As small commercial Earth Observation constellations expand, operators strive to collect more data and increase value per spacecraft while maintaining low costs and deployment times. In this context, spacecraft agility is often overlooked in constellation design: how quickly a satellite can rotate and then meet pointing requirements largely sets how many targets it can image per orbit. Most small satellites use reaction wheel clusters for pointing and reorientation, but fast retargeting with wheels can be costly in both time and power, reducing the number of images that can be taken within a single pass.
Control Moment Gyroscopes (CMGs) offer a major improvement for high-agility missions. By producing control torque through momentum redirection, CMGs can provide much higher manoeuvre capability than reaction wheel clusters, enabling shorter manoeuvre times for the same pointing requirement.

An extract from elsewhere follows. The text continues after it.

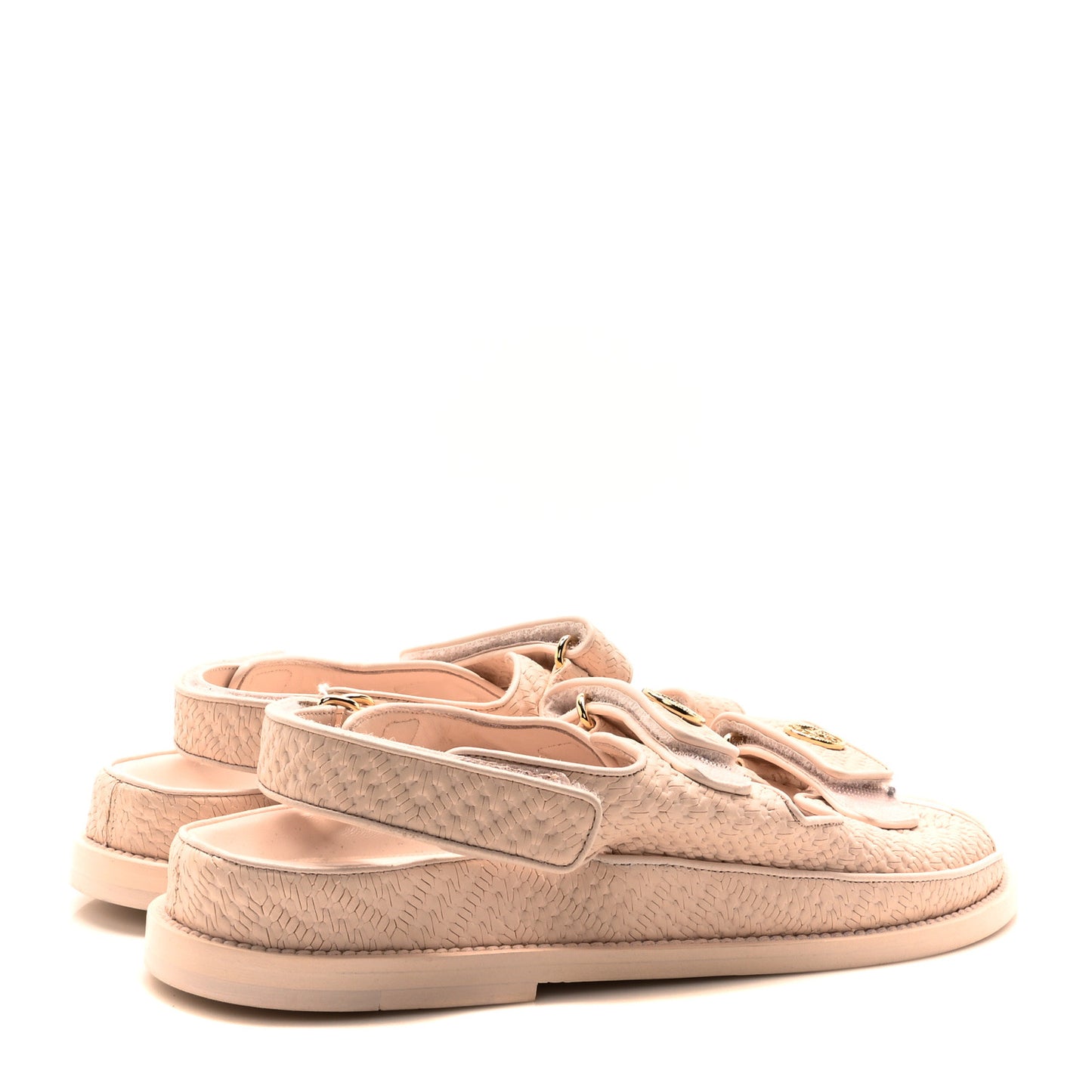 Calfskin Printed Velcro Dad Sandals 41 Pink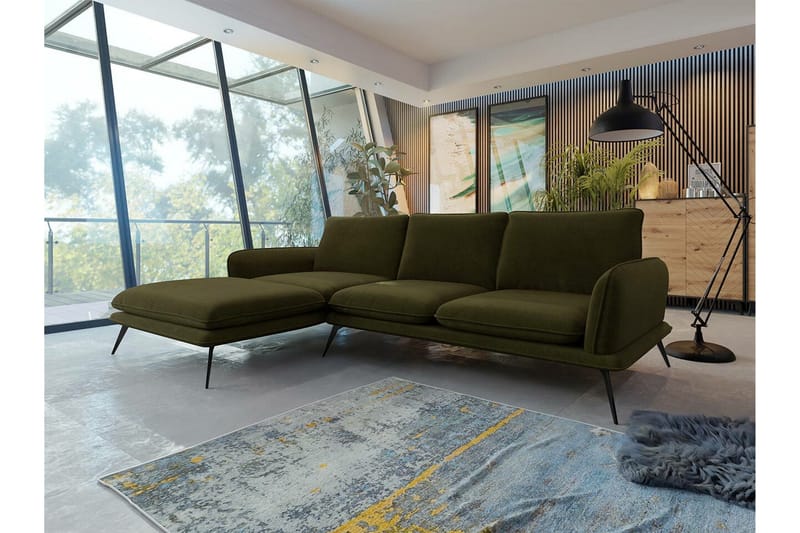 Graystone 3-sits Hörnsoffa Dark green - Møbler - Sofaer - Sofaer med sjeselong - 3 seters sofa med divan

This paper presents a comparative case study that measures the mission-level benefit of an agile spacecraft versus a reaction-wheel-actuated satellite for Earth Observation missions. Using a representative push-broom imaging payload and realistic operating constraints, including viewing geometry and cloud coverage, it was assessed how each cluster affects the number of executable collections and the ability to respond to urgent demands. Results show that CMG-enabled agility provides the largest benefit for time-critical imaging and for missions where it is crucial to collect as much information as possible within a limited timeframe. In addition, CMGs enable observation modes that are difficult to achieve with reaction wheels, such as imaging patterns that adapt to a user-defined area of interest. Overall, CMGs offer a practical way to increase per-satellite imaging output and improve responsiveness in time-critical operations.